Rabu, 25 Januari 2012

Bertahan di Selatan Cerpen: Nugroho Sukmanto


Republika
Minggu, 12 Agustus 2007

Bertahan di Selatan
Cerpen: Nugroho Sukmanto

Kalau pendatang kurang paham asal usul tempatnya tinggal, orang Betawi kurang paham kemauan warga pendatang. Seperti Belanda minta tanah, dikasih semeter minta dua meter, dikasih dua meter minta tiga meter. Tidak pernah cukup. "Sebentar-sebentar ada pemekaran kota. Apa kagak bisa, bikin kota lain di tanah yang gersang aja?!"

Kenangan akan Betawi yang hijau merona, ditandai pepohonan tinggi, selalu mengusik perasaan Haji Jaelani. Memang tidak seasri perkebunan milik Onderneming, tetapi tetumbuhan itu cukup memberikan keteduhan bagi warga yang hidup mengerumun bertetangga layaknya sebuah paguyuban.

Dulu, paguyuban-paguyuban itu begitu kentara gerabak-gerubuknya, mengikat tali persahabatan membentuk sebuah rempuk persaudaraan. Kelompok-kelompok masyarakatnya yang vokal dan percaya diri menjadi ciri keluarga besar warga Betawi. Dirajut kebiasaan melakukan pengajian berjamaah, mereka sering mengulur tangan silaturahmi.

Setiap berkunjung ke rumah para sohib, dibawanya pulang oleh-oleh. Kalau dari Condet mereka menyiapkan keranjang untuk dijejali manggis dan salak, dari sekitar Tanah Kusir mereka menggotong nangka dan buah cempedak. Lebih menjauh sedikit, mereka sering mengangkut bermacam buah langka dan durian sebecak. Sedang dari kota, mereka membalas pemberian dengan berkaleng-kaleng susu dan seloyang penganan olahan sendiri.
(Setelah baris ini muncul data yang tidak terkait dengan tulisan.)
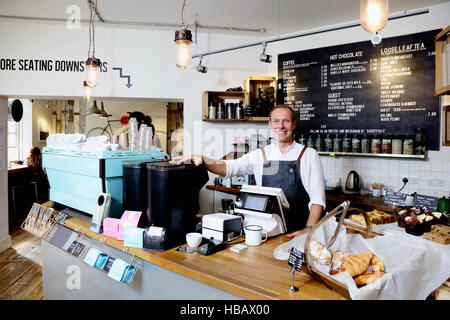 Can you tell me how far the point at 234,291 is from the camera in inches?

Kini, mereka berpencar menjadi masyarakat terpinggirkan, setelah tanah mereka yang perkotaan habis terjual. Untuk bertahan sebagai warga Betawi, mereka kemudian menguasai lahan yang lebih murah, di kawasan resapan berkepadatan rendah daerah selatan. Haji Jaelani masih beruntung bisa tinggal di Ciganjur dengan pekarangan luas dan memiliki lahan ternak sapi perah di Pondok Rangon.

Lahan penuh kandang itu sebagai kompensasi sebagian tanahnya di Karet Kuningan. Sebenarnya dia sudah sangat betah tinggal di sana, turun-temurun. Tetapi akhirnya merasa letih, menghadapi rongrongan dan desakan untuk melepas tanahnya. Rongrongan pertama datang dari pokrol yang mengatas-namakan keluarga Sultan Agung. Mereka menunjukkan copy arsip dari Balai Harta Peninggalan. Kemudian membeberkan bukti kepemilikan kerajaan Mataram, sebelum Belanda datang menjarah.
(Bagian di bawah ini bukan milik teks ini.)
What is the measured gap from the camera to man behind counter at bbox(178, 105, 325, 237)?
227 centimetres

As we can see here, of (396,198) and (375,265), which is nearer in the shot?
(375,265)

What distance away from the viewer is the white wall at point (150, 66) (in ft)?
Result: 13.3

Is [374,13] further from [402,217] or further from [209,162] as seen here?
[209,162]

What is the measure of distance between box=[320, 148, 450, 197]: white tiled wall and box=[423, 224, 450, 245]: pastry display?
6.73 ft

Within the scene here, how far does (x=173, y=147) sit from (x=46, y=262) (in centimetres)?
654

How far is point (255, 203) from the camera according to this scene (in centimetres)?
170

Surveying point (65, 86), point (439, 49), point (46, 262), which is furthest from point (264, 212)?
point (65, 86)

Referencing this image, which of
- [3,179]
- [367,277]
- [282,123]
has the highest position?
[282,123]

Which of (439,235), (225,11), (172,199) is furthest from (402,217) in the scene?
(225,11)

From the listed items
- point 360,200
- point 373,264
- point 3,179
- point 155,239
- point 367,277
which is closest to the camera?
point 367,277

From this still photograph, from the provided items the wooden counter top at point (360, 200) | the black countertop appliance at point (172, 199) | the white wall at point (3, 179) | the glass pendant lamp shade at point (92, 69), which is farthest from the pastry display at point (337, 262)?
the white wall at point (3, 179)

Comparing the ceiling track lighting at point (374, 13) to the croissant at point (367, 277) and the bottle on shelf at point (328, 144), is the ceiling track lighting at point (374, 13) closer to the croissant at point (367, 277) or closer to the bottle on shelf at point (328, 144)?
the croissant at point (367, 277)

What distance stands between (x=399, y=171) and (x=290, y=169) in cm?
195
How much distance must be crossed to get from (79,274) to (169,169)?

Rongrongan itu membuat Haji Jaelani naik pitam. Dengan golok di pinggang, dia damprat si pokrol bergaya preman, "Heh, duluan mana orang asli Betawi sama ente punya Sultan datang kemari. Sembarangan aja ente ngomong!" Rongrongan berikutnya datang dari Badan Otorita, yang ditugasi pemerintah membenahi wilayah Kuningan untuk dibangun kawasan diplomatik.

Haji Jaelani menggeleng-gelengkan kepala sewaktu menyaksikan pembangunan rumah susun, yang menurutnya mirip kandang beruk. Bangunan berpetak-petak itu dimaksudkan sebagai kompensasi yang dianggap lebih manusiawi untuk tinggal bagi warga yang lahannya terkena proyek. Sedang untuk kandang ternak, mereka akan mendapat ganti di kawasan khusus.
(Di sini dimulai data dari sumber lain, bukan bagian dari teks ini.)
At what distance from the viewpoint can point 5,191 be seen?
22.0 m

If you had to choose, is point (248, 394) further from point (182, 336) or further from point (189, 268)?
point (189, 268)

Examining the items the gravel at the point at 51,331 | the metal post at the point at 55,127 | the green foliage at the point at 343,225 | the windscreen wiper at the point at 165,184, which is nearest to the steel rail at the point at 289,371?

Menurut perwakilan Badan Otorita, mereka mereka yang berstatus hanya sebagai penggarap tanah negara, seharusnya merasa berterima kasih memperoleh kompensasi tempat tinggal dan tempat usaha yang lebih layak. Pernyataan itu membuat Haji Jaelani meradang, "Ente tau, engkong aye menduduki tanah bersertipikat jaman Belanda, dan menurut peraturan, aye punya hak untuk mengajukan sertipikat yang dikeluarkan Negara Republik. Benar nggak?"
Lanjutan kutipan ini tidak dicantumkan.